Dans d’autres cas, la violence constitue un moyen de protection ou de défense de soi. Cela se vérifie en particulier chez les catégories faibles comme les femmes. Ayant été socialisées dans une culture machiste mais aussi conscientes du pouvoir qui leur est attribué dans la société américaine, les femmes nuoyoricaines répondent par la violence pour se soustraire à l’emprise et à la terreur des hommes. Pour Candy, l’une des rares femmes revendeuses de crack dans ce milieu très masculin, qui exhorte son amie brutalisée par son conjoint à suivre son exemple, tirer sur son amant constitue le moyen de se protéger contre lui.

Parallèlement au commerce de crack, la stratégie de survie dans le Barrio repose sur l’instrumentalisation de l’État.
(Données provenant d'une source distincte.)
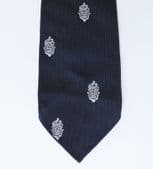 Beacon tie Macaseta Twinzine vintage Terylene tie made in Macclesfield England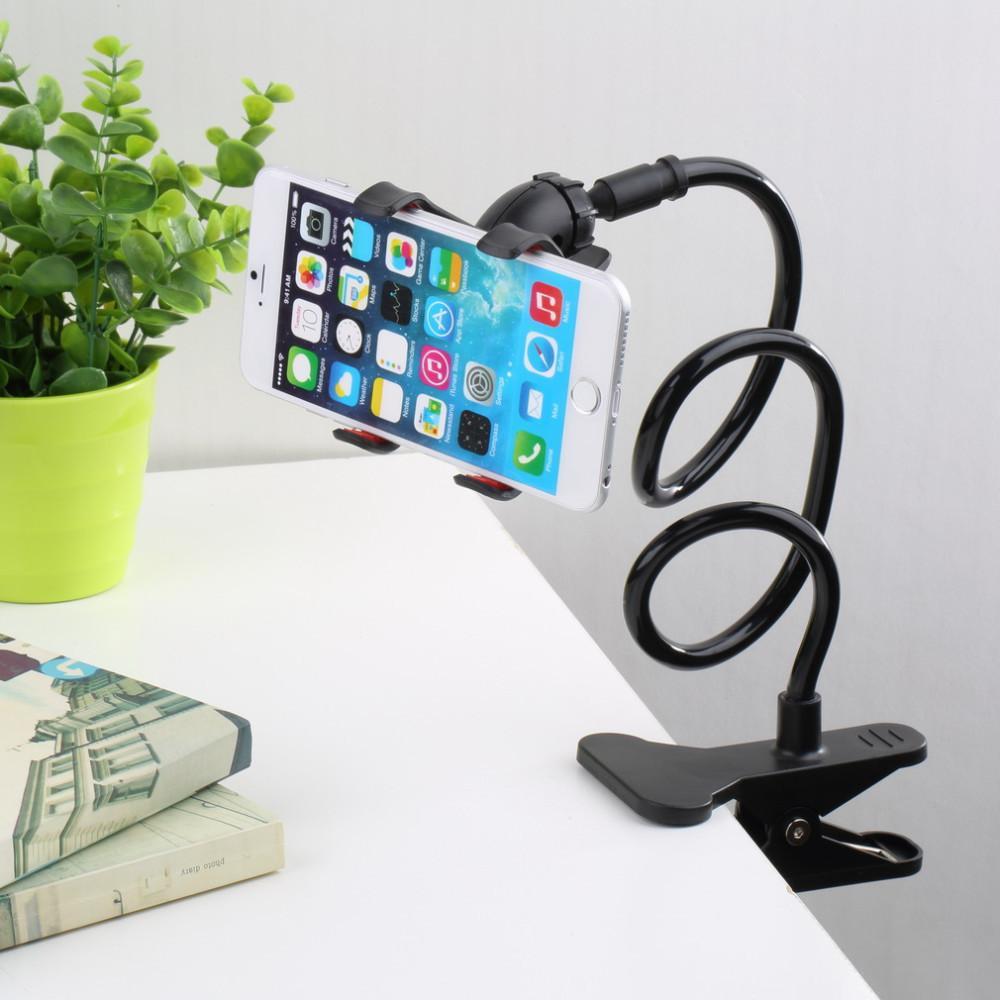 Soporte de teléfono portátil con brazo flexible – Mini soporte para  teléfono celular para escritorio, cama, ajuste estable y seguro en  cochecito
Exclus de l’économie légale capitaliste par leur éducation scolaire insuffisante, par l’inadaptation de leur capital culturel aux valeurs de la société dominante, et surtout par le dispositif institutionnel américain incapable de prendre en compte leurs spécificités culturelles, les habitants du Barrio accèdent cependant, parfois par la ruse et la débrouillardise, aux ressources économiques de l’État. Quand bien même ils existent par l’informel, ils ne s’abstiennent pas de réclamer à l’État américain des ressources telles que les indemnités d’allocations familiales, de sécurité sociale, etc. L’obtention de telles indemnités s’effectue par la manipulation des chiffres administratifs, le refuge dans le statut d’invalide physique ou mental, etc.

L’accès des nuoyoricains aux ressources de l’État passe également par des choix qui reproduisent leur propre situation d’individus pauvres. Ainsi, de nombreuses femmes multiplient les grossesses pour accéder aux logements mis à la disposition des mères célibataires ou des jeunes mères par la municipalité new yorkaise.

L’autodestruction et la souffrance qui adviendront de tels choix pour la communauté nuoyoricaine en particulier, et toutes les communautés marginalisées des États-Unis, justifie la critique acerbe du système socio-économique américain par l’auteur de cet ouvrage. Et dans un esprit constructif, il avance des propositions on ne peut plus opératoires, à savoir couvrir les besoins en santé de ces populations, leur donner un système d’éducation performant, encourager les efforts des habitants du Barrio pour intégrer le marché économique légal. Excellent livre, donc, à relire.